In addition, their spouse gets another $1 million exemption as long as he or she was involved in the farm operation and benefited from it.
Farrer said for most farmers the combined $2 million exemption is more than sufficient.
“They would have to have a lot of land that was acquired a long time ago in order for the gains not to have been covered by that,” he said.
Kelvin Shultz, president of Wheatland Accounting Services in Fillmore, Sask., said the current rules for land purchased after June 17, 1987, is that it must have been owned for two years before disposition. And during the ownership period, farmers must have two years where the gross farm income exceeded all other sources of income.
For land purchased before June 17, 1987, the land needs to be used in the year of disposition.
Schultz said one thing to keep in mind is that if you are receiving the Old Age Security pension you will have to pay it back in the years you are claiming the capital gains deduction.
Another consideration is the alternate minimum tax, which comes into play when you are using a large amount of capital gains exemption.
For a farmer claiming the full $1 million exemption, the alternate minimum tax could be around $70,000. That tax is refunded over the next seven years if the farmer owes tax in those years.
Shultz said one way to spread out the capital gains exemption is to sell land to a child and finance it over 10 years or to a third party and finance it over five years.
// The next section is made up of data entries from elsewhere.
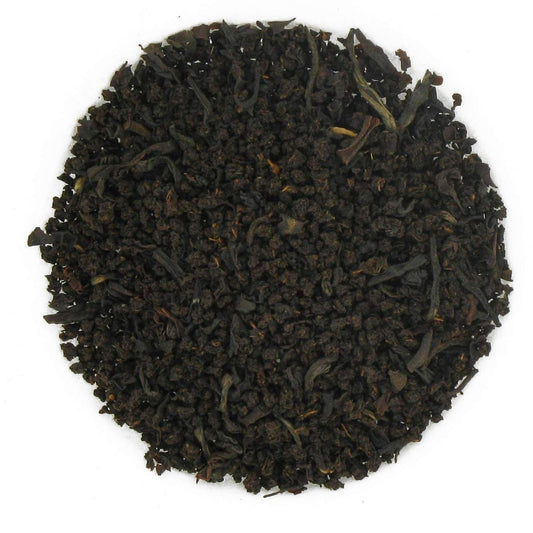Yorkshire Harrogate Loose Leaf Tea Pouches - 4oz | Luxury Black Tea with Rich Full Bodied Flavor | Smooth Astringent Infusion Perfect for Hot Tea or Milk Tea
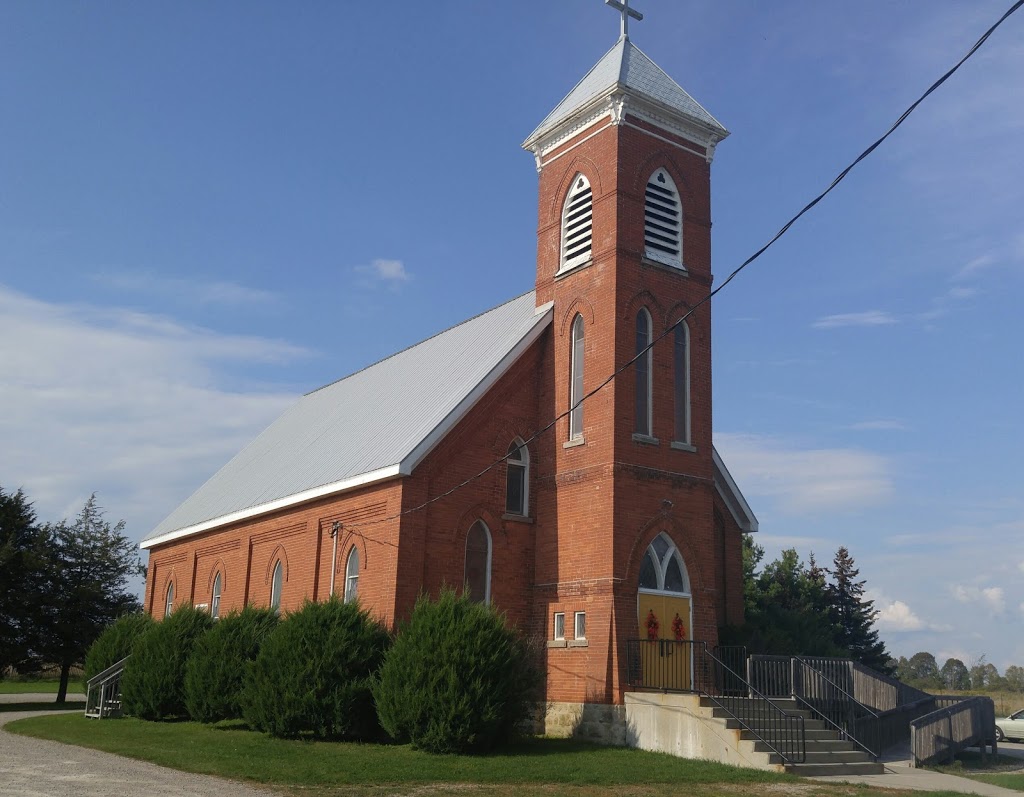 Blessed Sacrament Church | 690 ON-15, Lombardy, ON K0G 1L0, Canada | Phone: (613) 283-0220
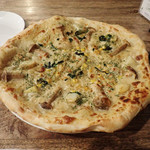 ピザ・ソイホワイト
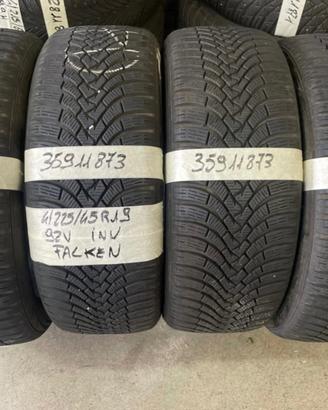 4) 2254519 92V Gomme USATE INV ERNALI 35911873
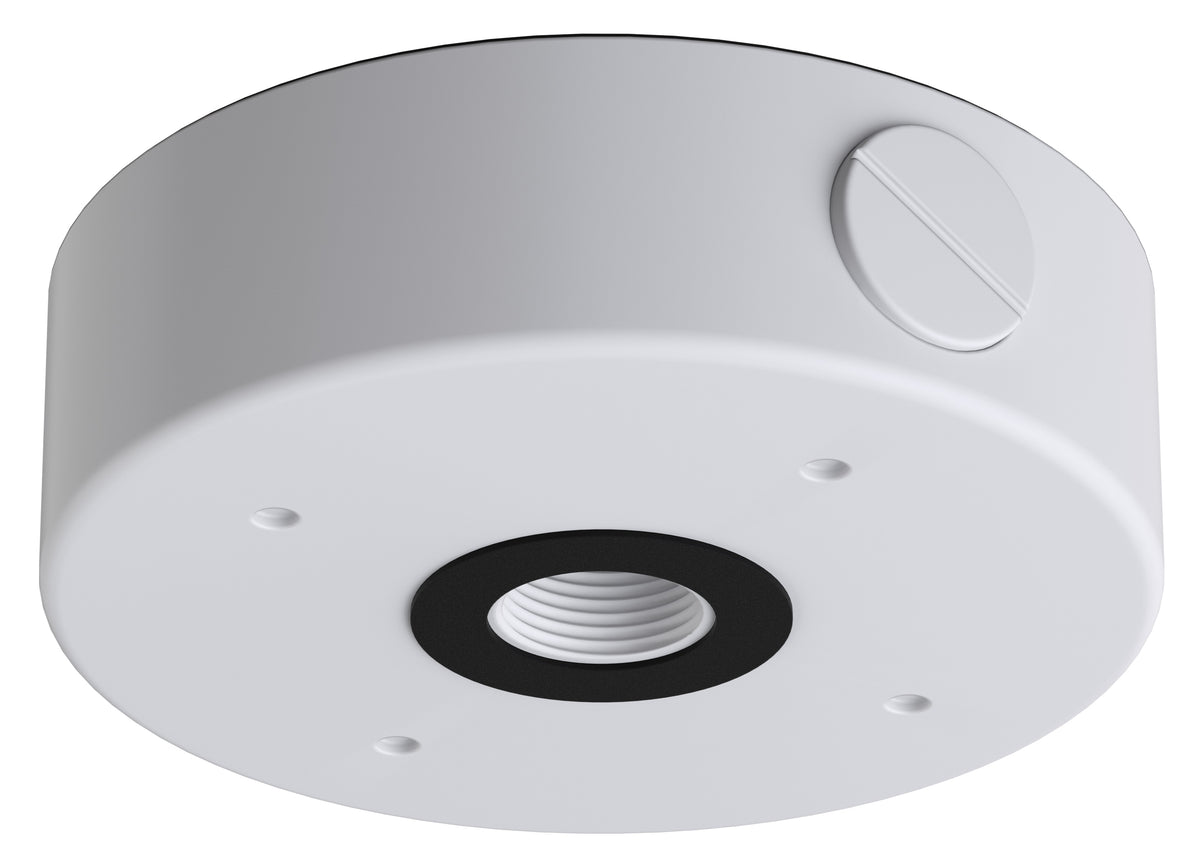 BALTER Junction Box für vandalensichere IP Dome-Kameras der Balter Small Business Serie – BAL-JBD1100W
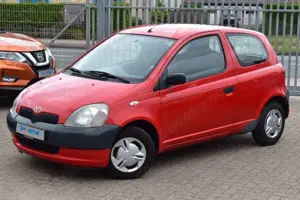 Toyota Yaris 1.0 eco linea sol Standheizung| dig. Tacho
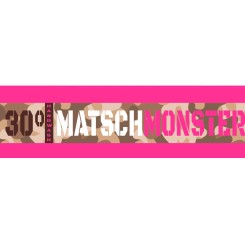 SALTYDOG ® MATSCHMONSTER  P i n k 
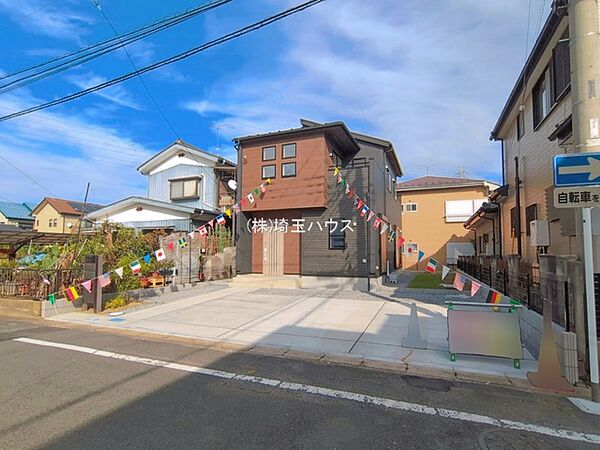 外観を拡大表示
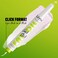 NYX PROFESSIONAL MAKEUP Fat Oil Slick Click, Lightweight, Buildable, Pigmented Vegan Lip Balm - Main Character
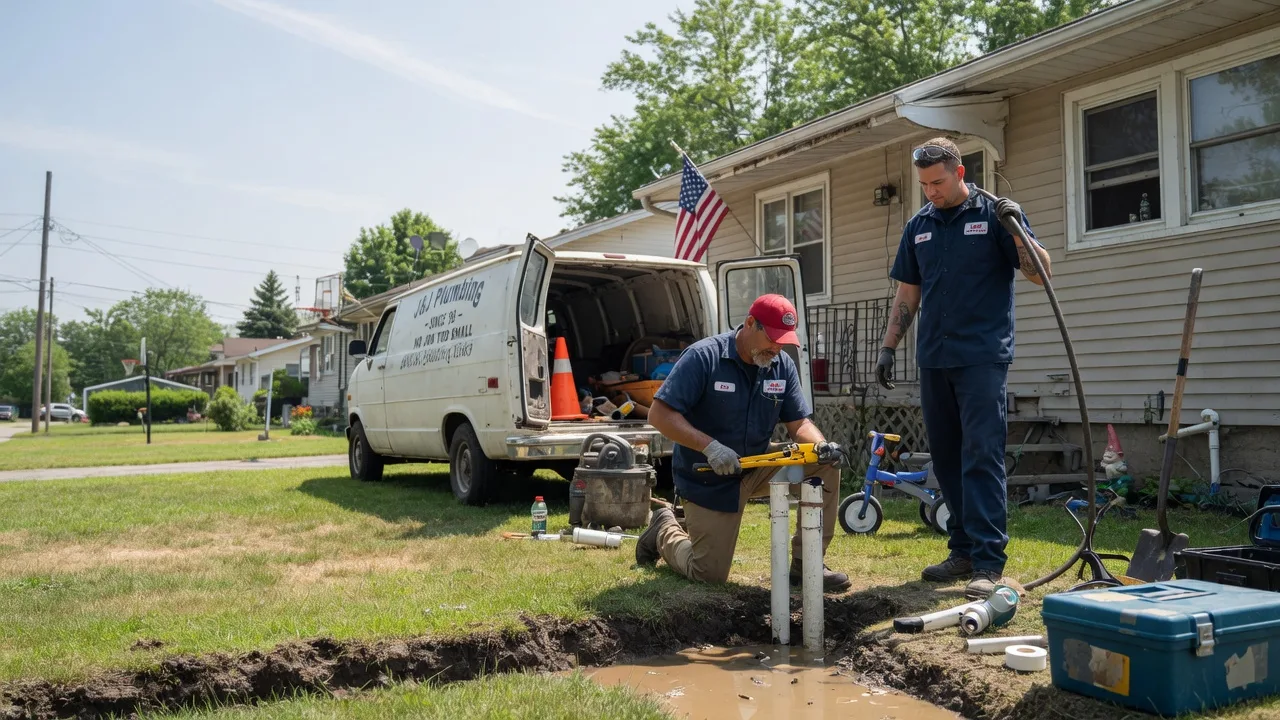 Sump Pump Repair in Columbus, WI near me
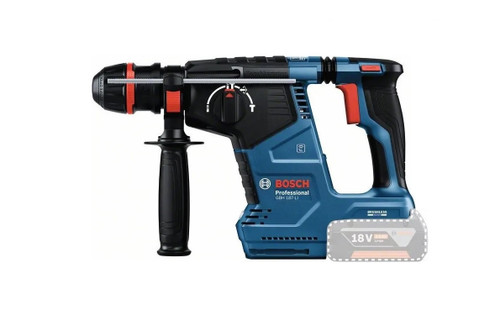 Bosch Professional Rotary hammer with SDS plus GBH 187-LI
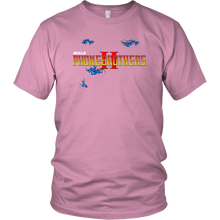 Super Phone Brothers Kombat II Unisex Shirt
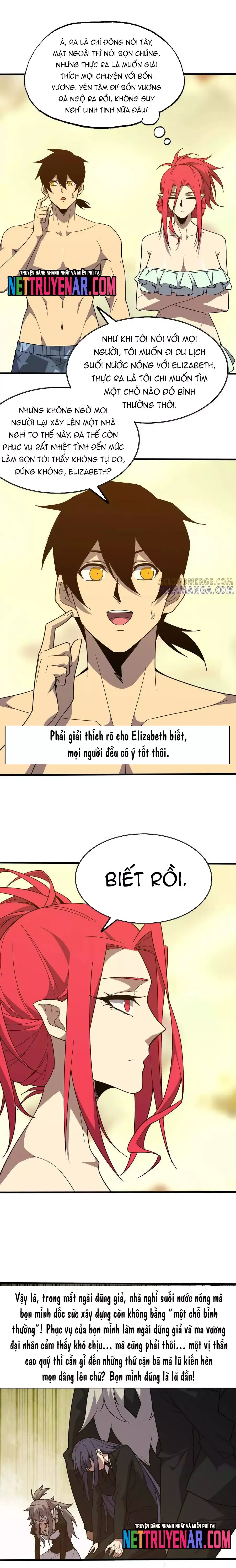 đọc truyện Dũng Giả X Nữ Ma Vương Chương 177 ảnh 4 tại Thiên Thai Truyện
The former is the most common.
“Usually if you’re selling to a third party, you want your money,” he said.
The capital gains exemption is a lifetime deduction, so if the farmer sold land 20 years ago and used a portion of the deduction, only the remaining portion would be available for the retirement years.
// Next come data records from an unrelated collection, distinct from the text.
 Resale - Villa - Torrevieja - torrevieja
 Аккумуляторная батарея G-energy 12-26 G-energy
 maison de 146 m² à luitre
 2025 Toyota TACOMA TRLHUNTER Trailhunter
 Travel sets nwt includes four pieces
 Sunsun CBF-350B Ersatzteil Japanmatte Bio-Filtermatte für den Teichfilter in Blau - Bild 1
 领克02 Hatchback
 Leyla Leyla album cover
If a farmer exceeds their lifetime exemption, capital gains still receive preferential treatment. They are not taxed on the full amount of the gain, only half of it.
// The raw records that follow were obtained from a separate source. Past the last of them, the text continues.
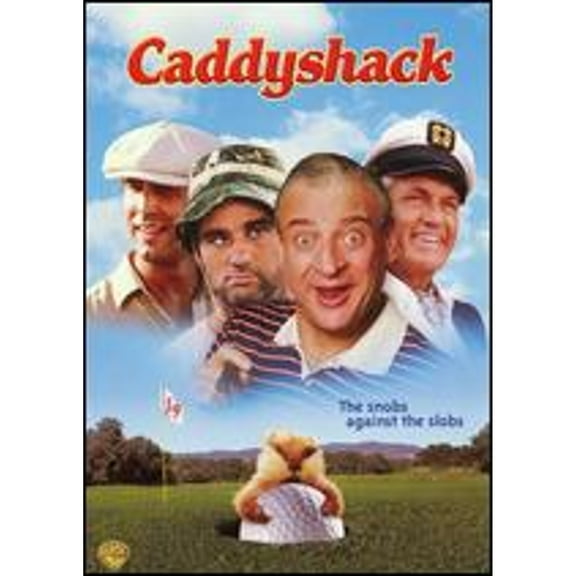 Pre-Owned Caddyshack [20th Anniversary Edition] (DVD 0085391163046) directed by Harold Ramis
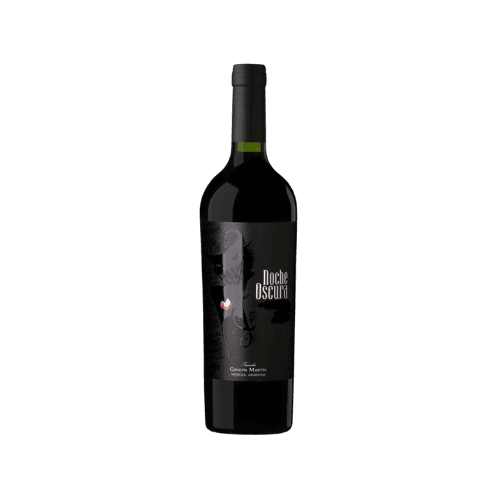 Vino Tinto Noche Oscura Tannat Reserva 750 cc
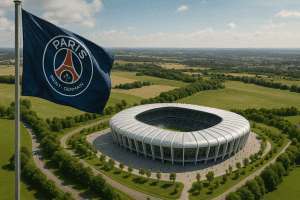 Lire la suite à propos de l’article PSG : pourquoi Massy et Poissy sont désormais les favoris pour le futur grand stade ?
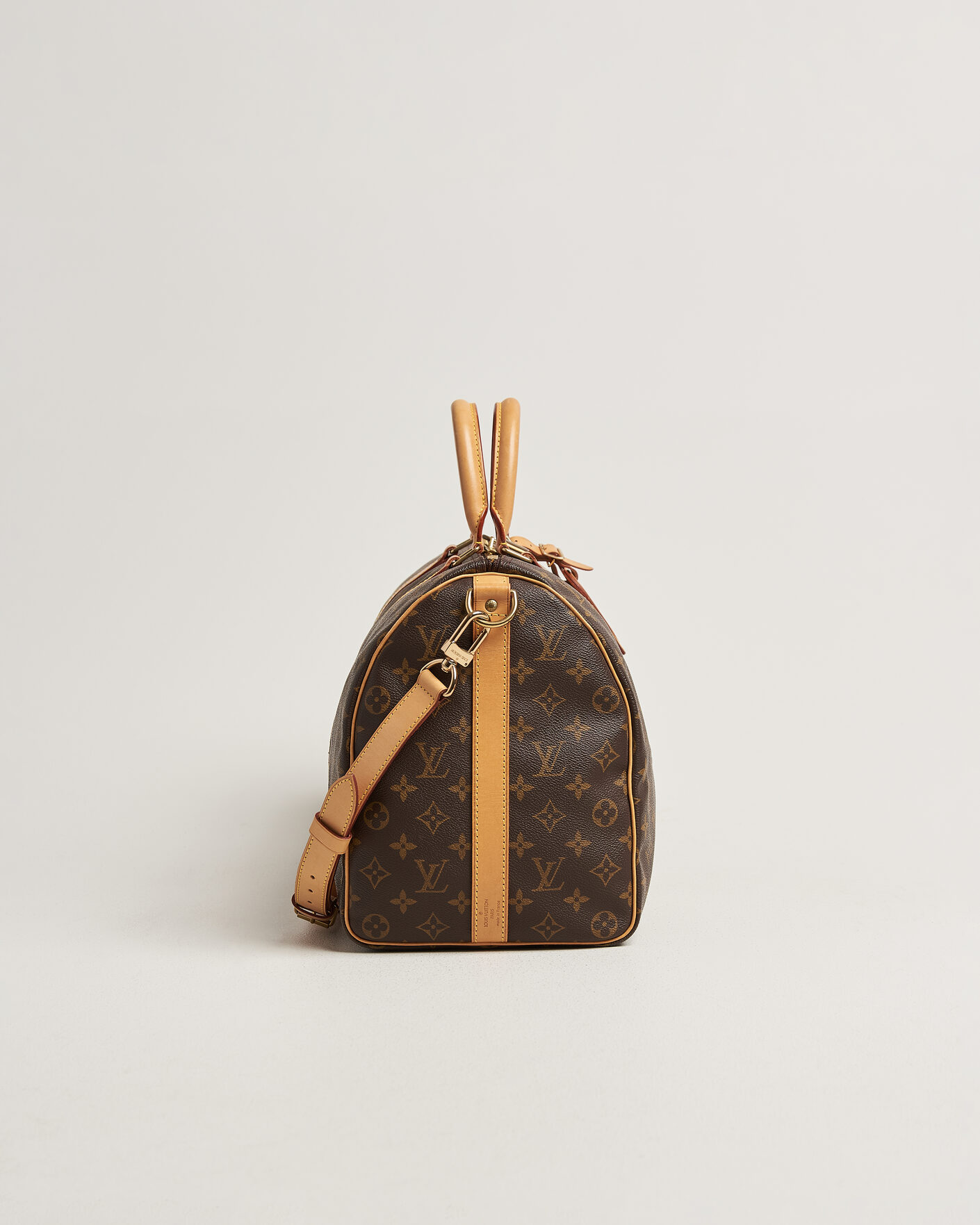 Heren | Pre-Owned & Vintage Bags | Louis Vuitton Pre-Owned | Keepall 45 Bandoulière Monogram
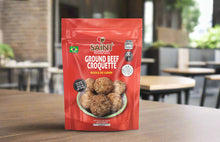 Carregar imagem no visualizador da galeria, Saint Coxinha's Family Recipe - Ground Beef Croquette - Just Warm it! (5 packs)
Some farmers wonder if they will still be further ahead if their capital gains exceed the $1 million exemption.
“Well, yes. The fact that it has appreciated that much in value is still going to economically advantage you greatly,” said Farrer.
“If the deduction is only a million dollars and you’re above that, that is a good thing.”
Many farmers find renting land to be a more attractive option than selling it because of the emotional attachment to their property.
“There is a lot of blood, sweat and tears in that soil — literally. It’s hard to part with that,” said Farrer.
Another option is to use the rollover provision in the tax laws.
“You can transfer land to a child without triggering a taxable event,” he said.
Farrer said high farmland values and the preferential tax treatment of capital gains on that land are helping farmers afford a nice retirement but he warned growers that farmland values can drop as quickly as they went up.
“We’ve seen this movie before,” he said.